O primeiro trabalho de Babenco para o mercado internacional, O Beijo da Mulher-Aranha (1985) é um clássico dos anos 1980. Com William Hurt e Raul Julia como dois presos políticos numa penitenciária brasileira, forjando uma insólita amizade baseada em filmes, a obra poetiza o drama vivido pelos países da América Latina, quase todos, à época, ainda à mercê de ditaduras. Rodado com pouco dinheiro (diz-se que os protagonistas Julia e Hurt trabalharam de graça, recebendo apenas o necessário para a hospedagem e a alimentação), Beijo foi um enorme sucesso internacional, tornando Babenco o primeiro diretor latino indicado ao Oscar (Hurt arrematou a estatueta por seu trabalho no filme). Como diria Tom Jobim, não restava outra saída que não a do Galeão.

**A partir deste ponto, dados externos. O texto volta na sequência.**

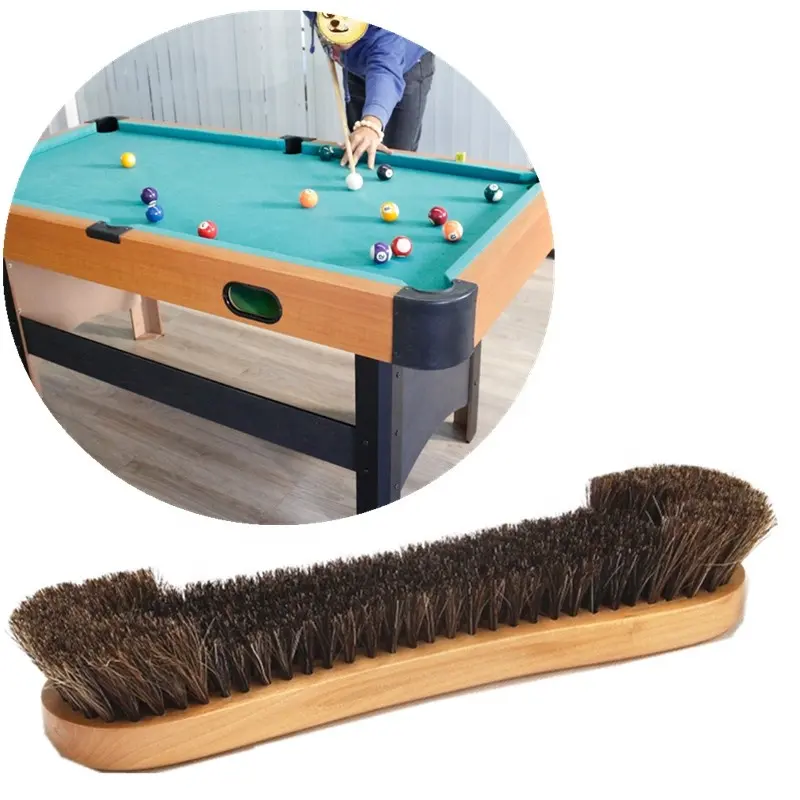 Discount Wooden Snooker Table Brush Billiard Pool Table Brush with Horse Hair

Curiosamente (de novo), os filmes de Babenco com produção americana ficaram abaixo das expectativas, mesmo reunindo astros como Meryl Streep, Jack Nicholson e Daryl Hannah. Ironweed (1987) e Brincando nos Campos do Senhor (1991) são, sem dúvida, ousados, inteligentes e bem executados, além de trazerem a marca humanista do diretor, que volta seu olhar para os mendigos (no primeiro) e os povos indígenas (no segundo). Mas a impressão que se tem é que ambos passaram do ponto: enquanto Pixote e Mulher-Aranha eram enxutos, diretos, suas obras americanas arriscam a força dramática por um maior adensamento dos personagens e do roteiro. Os filmes foram considerados “artísticos” demais pelo grande público, o que, previsivelmente, minou novas chances de Babenco no mercado mais competitivo do mundo.

Apesar da frustração com a experiência americana, Héctor Babenco continua a ser um dos maiores diretores em atividade no continente. Um câncer sofrido em 1994 foi a base para seu filme mais autobiográfico – e também um dos mais belos: Coração Iluminado (1998). A obra traz o conterrâneo Miguel Ángel Solá como um diretor de cinema que relembra a paixão por Ana (Maria Luísa Mendonça), mas de um jeito visceral, lírico, numa chave nova e surpreendentemente romântica para Babenco. Infelizmente, o filme passou em branco por críticos e plateias, tanto aqui como lá fora. Como o seu maior trabalho depois de O Beijo da Mulher-Aranha, urge a você, leitor, dar uma nova chance a esta pérola, lamentavelmente já esquecida.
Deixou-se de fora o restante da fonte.